In 1911 creëerde Paus Pius X de achtste plaats van apostolisch protonotaris voor Don Umberto Benigni, die tot dan toe beperkt was tot slechts zeven leden. Deze prestigieuze titel deed de nieuwe monseigneur twee dingen begrijpen: allereerst de uitsluiting van een mogelijke toekomstige bisschoppelijke benoeming, maar ook de pauselijke aanmoediging om door te gaan op de ingeslagen weg.
In 1909 verliet Benigni zijn appartement in het Vaticaan en opende hij in de Via del Corso, Casa San Pietro, de zetel van zijn activiteiten. Hier werd Sodalitium Pianum geboren.
Na haar definitieve ontbinding op 25/11/1921, wist Mgr. Benigni, alhoewel teleurgesteld, de zielskracht te vinden om de strijd voor de integriteit van het Geloof voort te zetten. In 1923 lanceerde hij de AIR opnieuw onder de naam Agenzia Urbs, die zijn activiteiten voortzette tot 1928 en zorgde voor de publicatie van het weekblad Veritas en vervolgens van het maandblad Romana.
In 1928 richtte hij de Intesa Romana per la Difesa Sociale (IRDS) op, onder het motto “Religione, Patria, Famiglia“. Het is de fascistische fase van het leven van Mgr. Benigni, zeker de minst originele en representatieve: Benigni probeerde het fascisme te gebruiken om de christen-democratie te bestrijden, op dezelfde manier als het regime de godsdienst op een instrumentele manier gebruikte.

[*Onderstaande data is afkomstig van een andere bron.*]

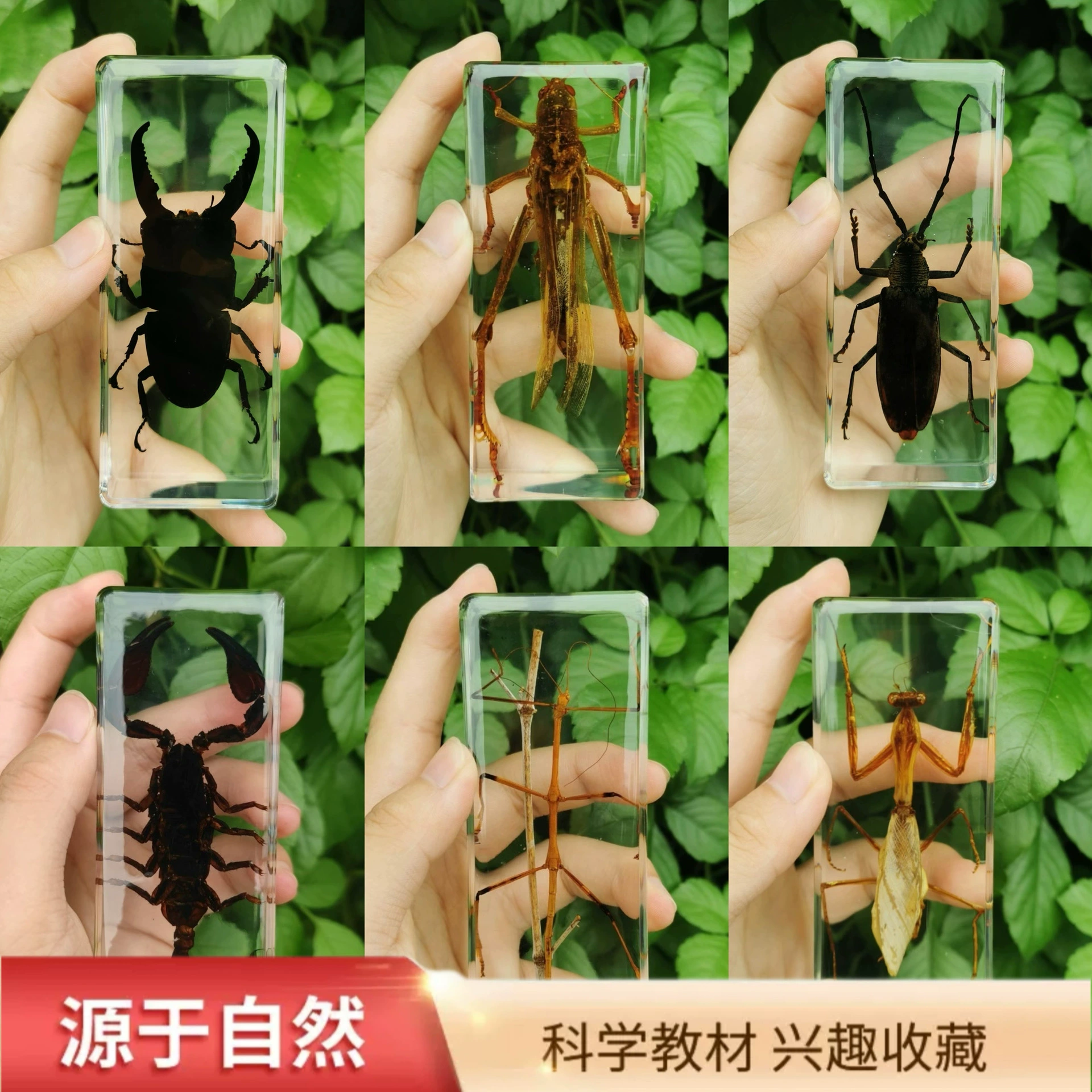 Weng Kai образец скорпиона, украшения из смолы, модель насекомого, подарки для друзей, подарки, студенческие призы, памятные дни рождения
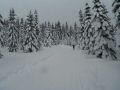 DSCF7076.JPG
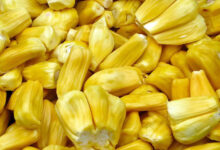 Jackfruit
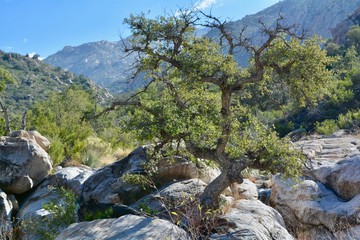 Tree in Romero Canyon Catalina State Park Tucson Oro Valley Arizona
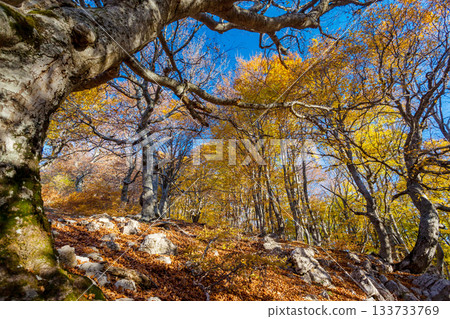 autumn 133733769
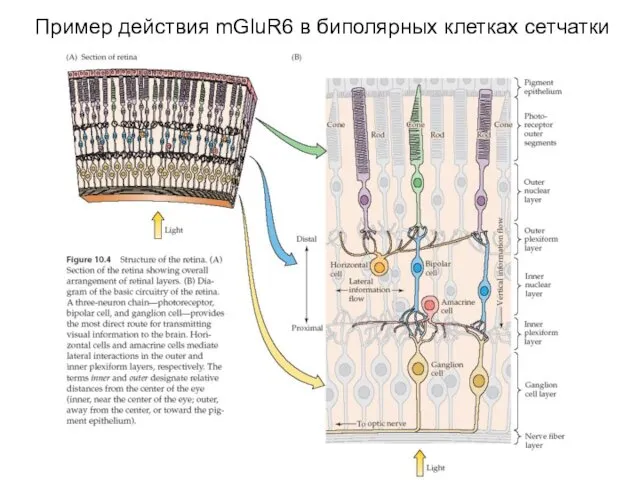 Пример действия mGluR6 в биполярных клетках сетчатки
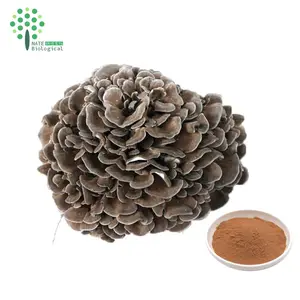 Organic Grifola Frondosa Extract Powder Maitake Mushroom Extract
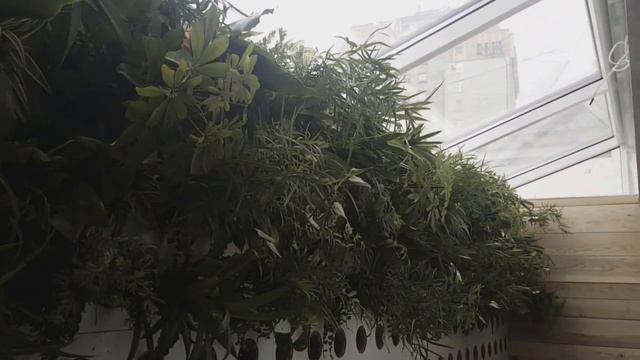 Вертикальне озеленення у будинку. Сад на стіні смотреть онлайн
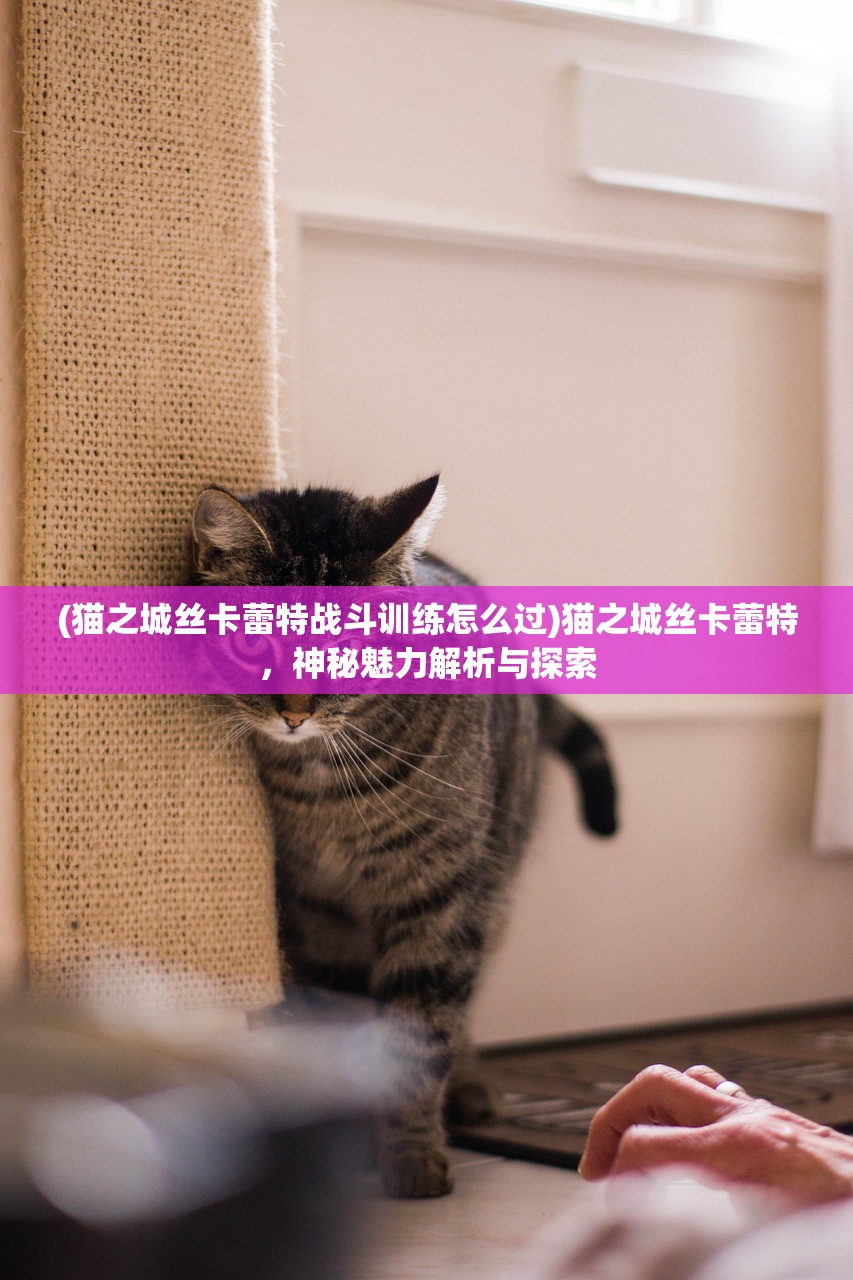 (凡人修仙从大能储物戒开始百度百科)凡人修仙，从大能储物戒的奇幻之旅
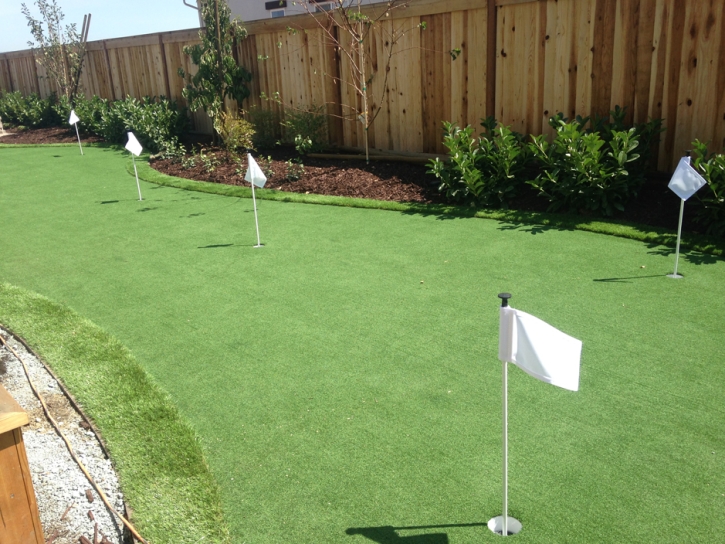 Fake Turf University Center, Virginia Artificial Putting Greens, Backyard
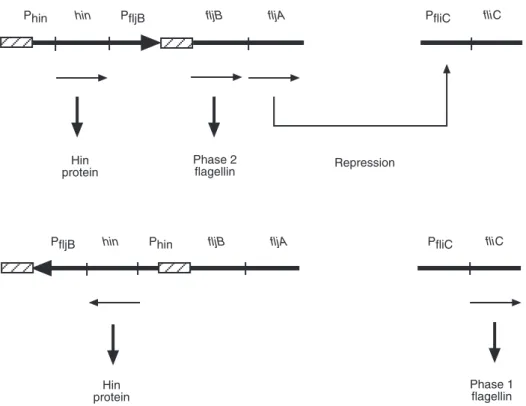 Fig. 1.2. Flagellar phase inversion system in Salmonella. Promoters are indicated with capital P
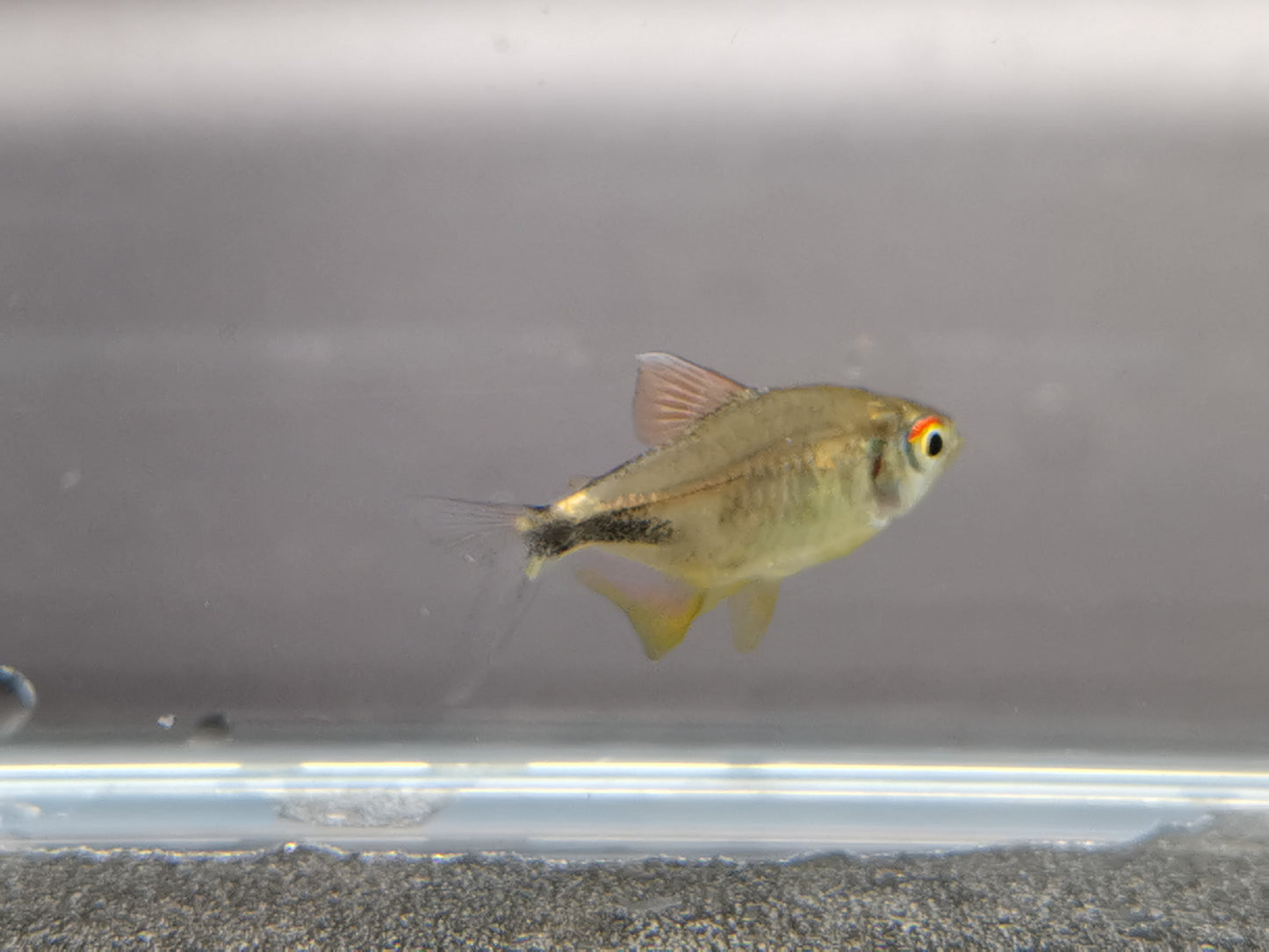 Pretty tetra 2.5cm X 5pc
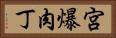 宮爆肉丁 Horizontal Portrait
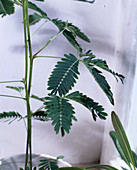 Mimosa pudica (Stir-fry, Mimosa)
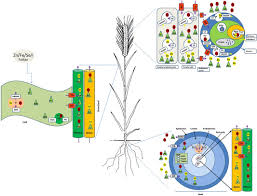 Getting More Micronutrients From Wheat And Barley Through Agronomic Biofortification Sciencedirect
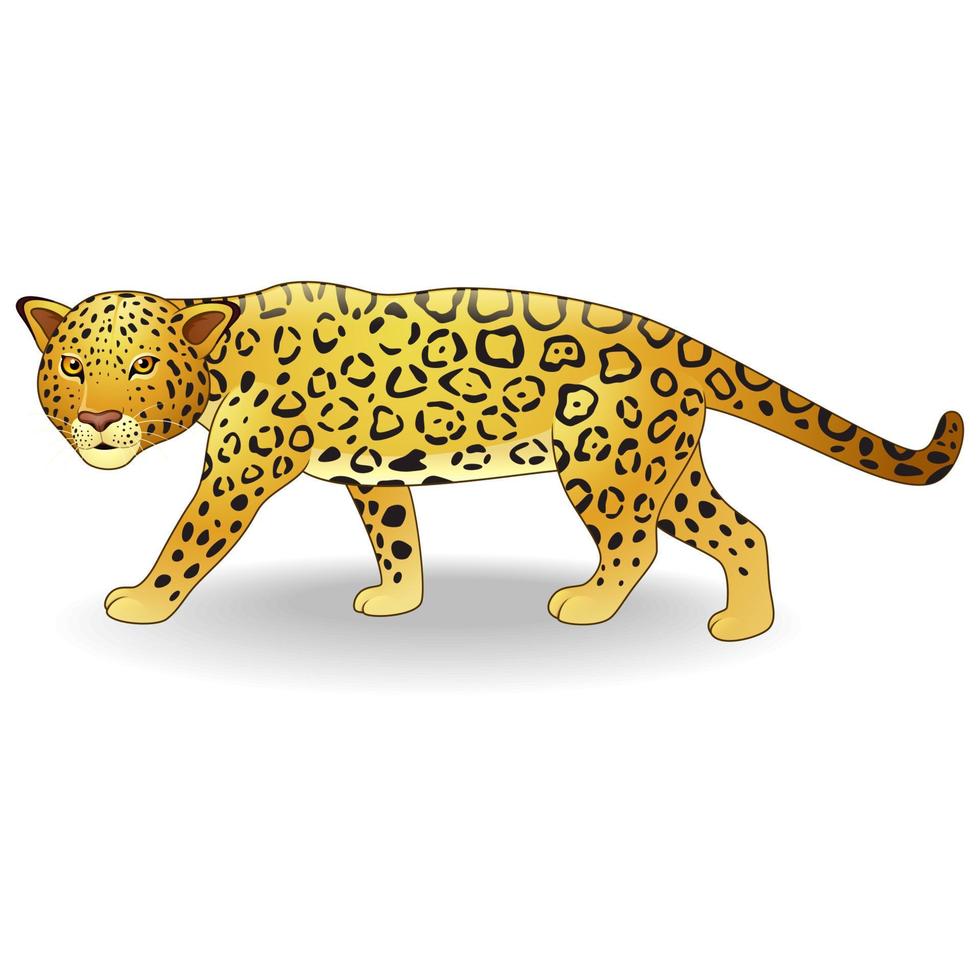 dessin animé mignon de guépard vecteur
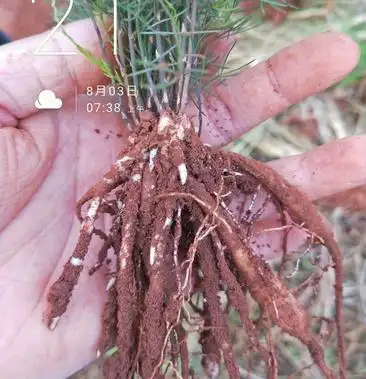 [天冬苗批发]天冬苗,天冬苗,天冬苗价格0.70元/棵 - 一亩田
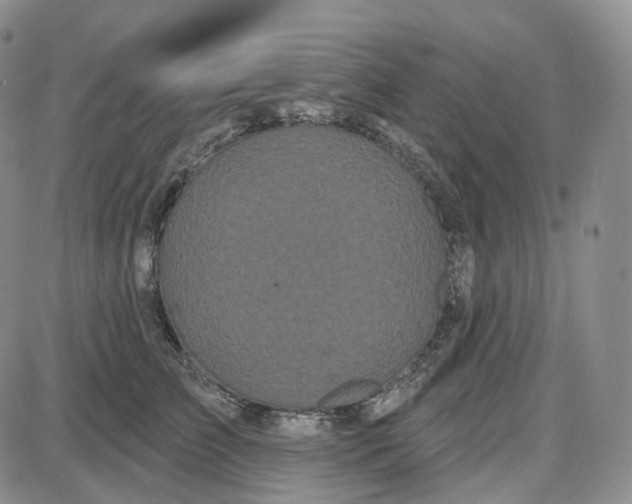 X0000087630709200705241215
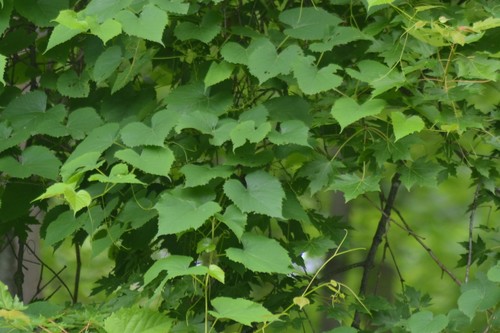 Vitis vulpina (Frost grape) — photo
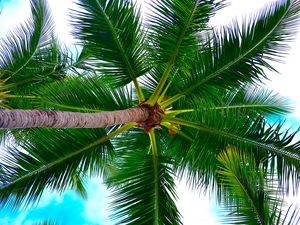 Preview wallpaper palm tree, tree, crown, branches, plant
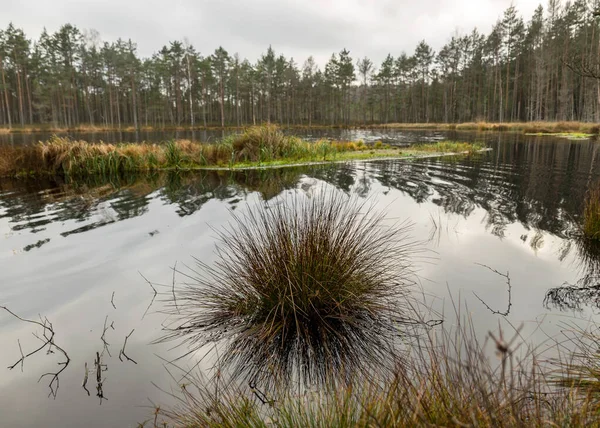 Bataklık gölü kıyısında çeşitli eski ve çürümüş ağaçlar ve ağaç dalları, sel basmış orman bölgesi, bataklık arka planı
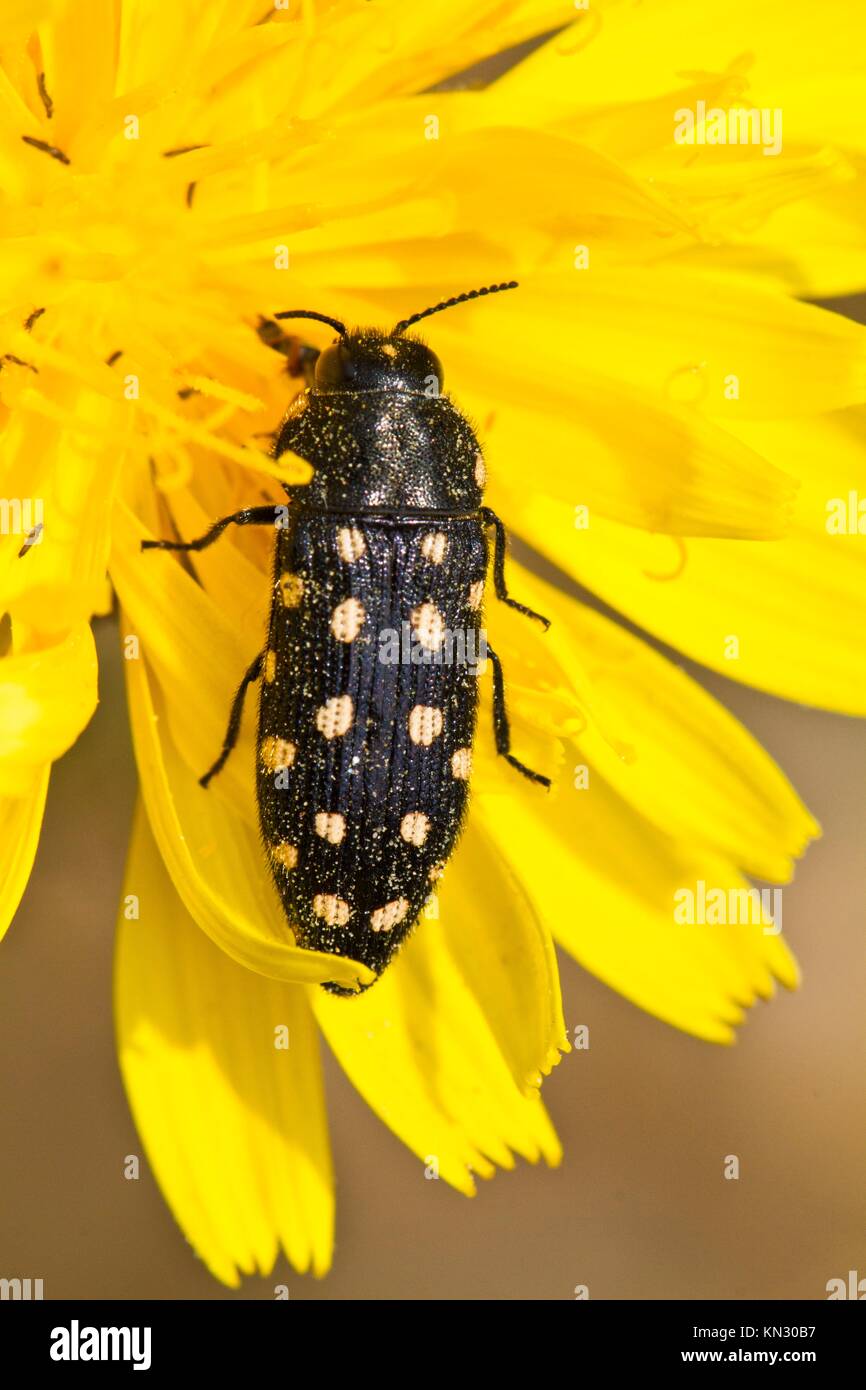 Close up view of the acmaeodera degener black with white spots beetle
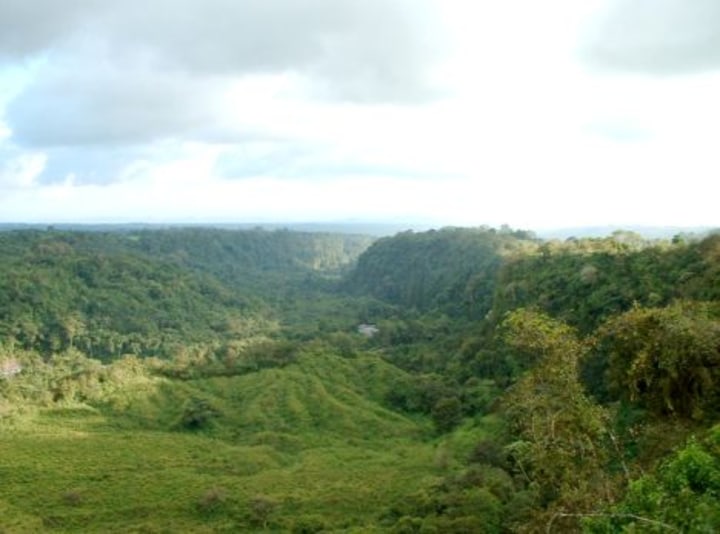 View from the home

Monseigneur Benigni, belasterd en vervolgd door zijn vijanden, leidde de laatste jaren van zijn leven een zeer armoedig bestaan. Eerwaarde Saubat, getuige op het heiligverklaringsproces van Paus Pius X en intieme medewerker van Benigni, verklaarde dat Mons. Benigni, hoewel hij niet belast was met zielzorg, elke dag de Mis opdroeg en elke week in de kerk van S. Carlo al Corso biechtte bij een priester uit de orde van de mercedariërs.
Monseigneur Benigni stierf te Rome op 27 februari 1934, “verlaten en veracht door de geestelijkheid”. Zijn begrafenis werd bijgewoond door “7 of 8 senatoren, 12 tot 15 afgevaardigden, een grote groep journalisten en zelfs 12 gendarmes in uniform” maar er waren slechts twee priesters aanwezig: de eerwaarde heren Saubat en Jeoffroid.
Graf van Monseigneur Umberto Benigni
Bijna 50 jaar na zijn dood werd het gedachtegoed en het werk van Mgr. Benigni het referentiepunt voor ons tijdschrift Sodalitium (opgericht in 1983).